MATERIAL PROVIDED: Begin
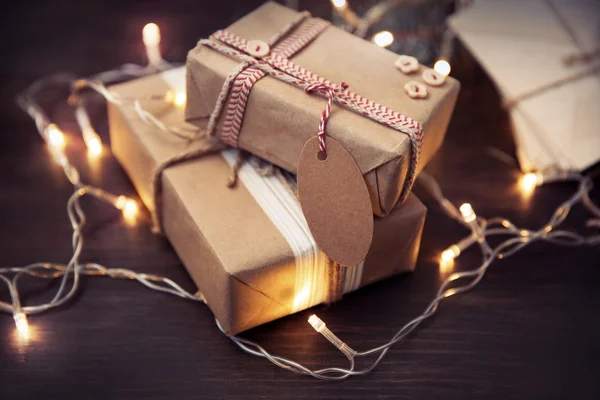 De giften van Kerstmis voor zelfgemaakte verpakt — Stockfoto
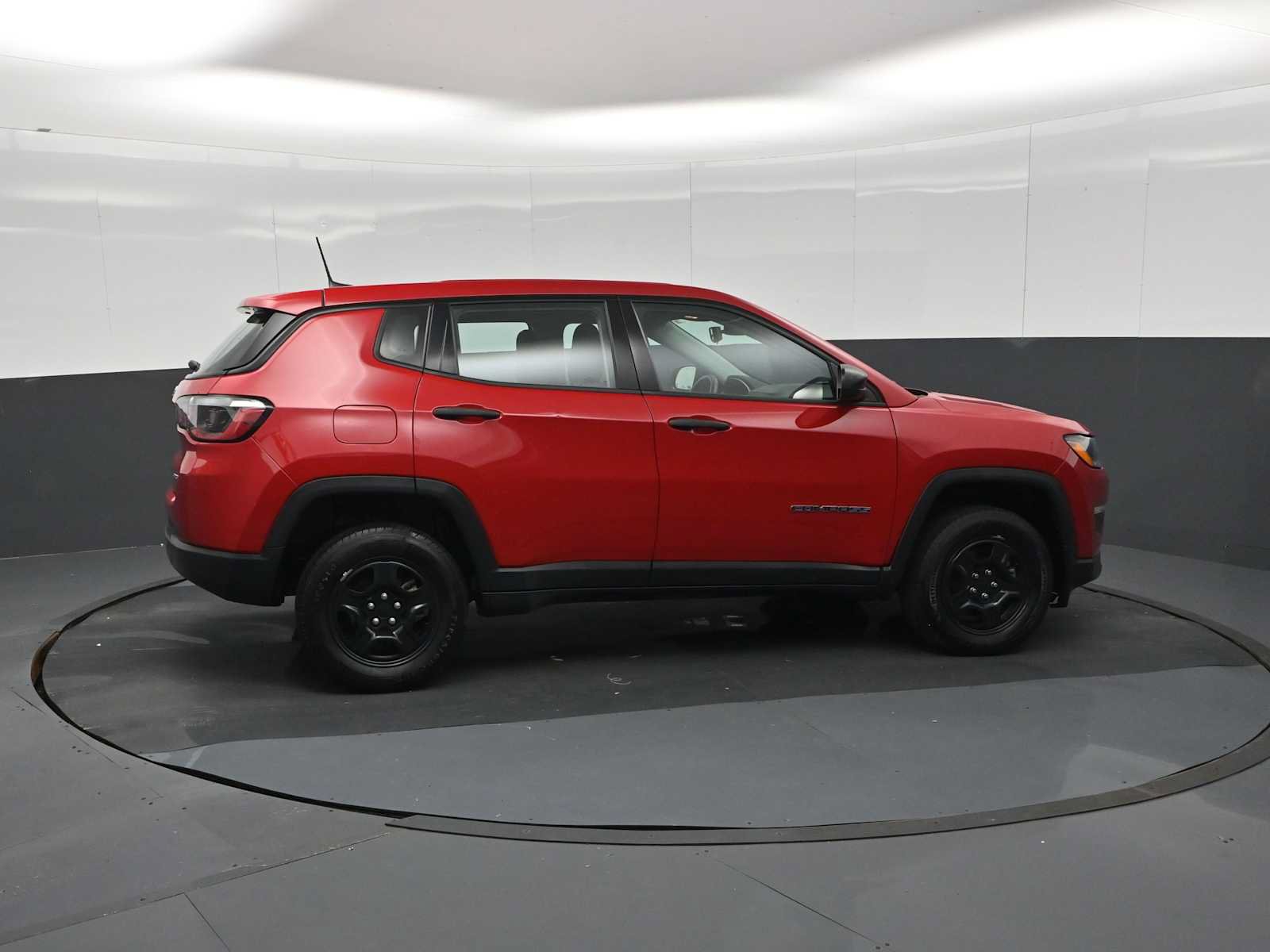 Used 2021 Jeep Compass Sport AWD/4WD image 9
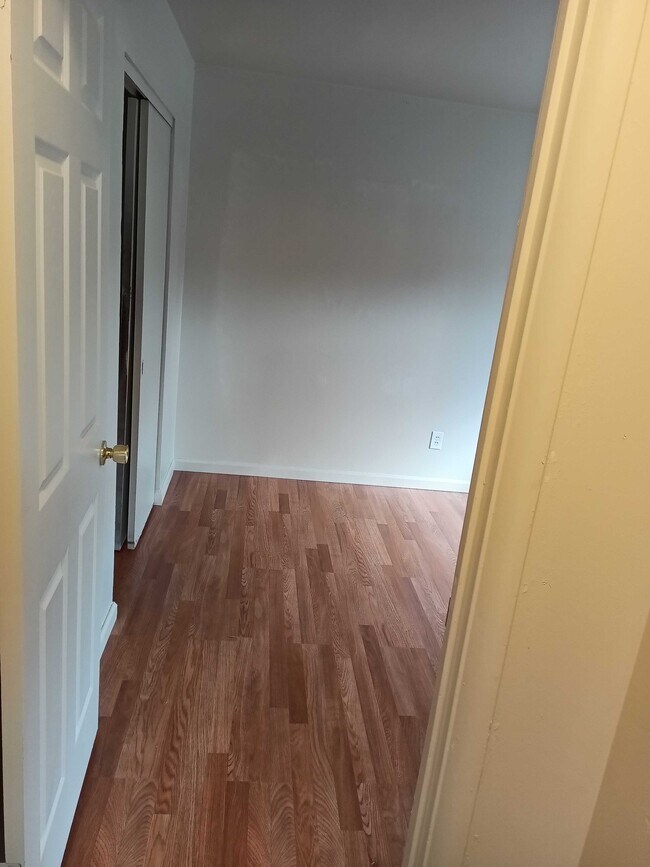 Foto del edificio - 1545 W Main St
MATERIAL PROVIDED: End
== HOW TO COMPLETE THIS TASK ==
Write the lines from the one containing "Used 2021 Jeep Compass Sport AWD/4WD image 9" through the end of the data above exactly as they appear, and do not carry over any picture.

== YOUR RESPONSE ==
 Used 2021 Jeep Compass Sport AWD/4WD image 9
 Foto del edificio - 1545 W Main St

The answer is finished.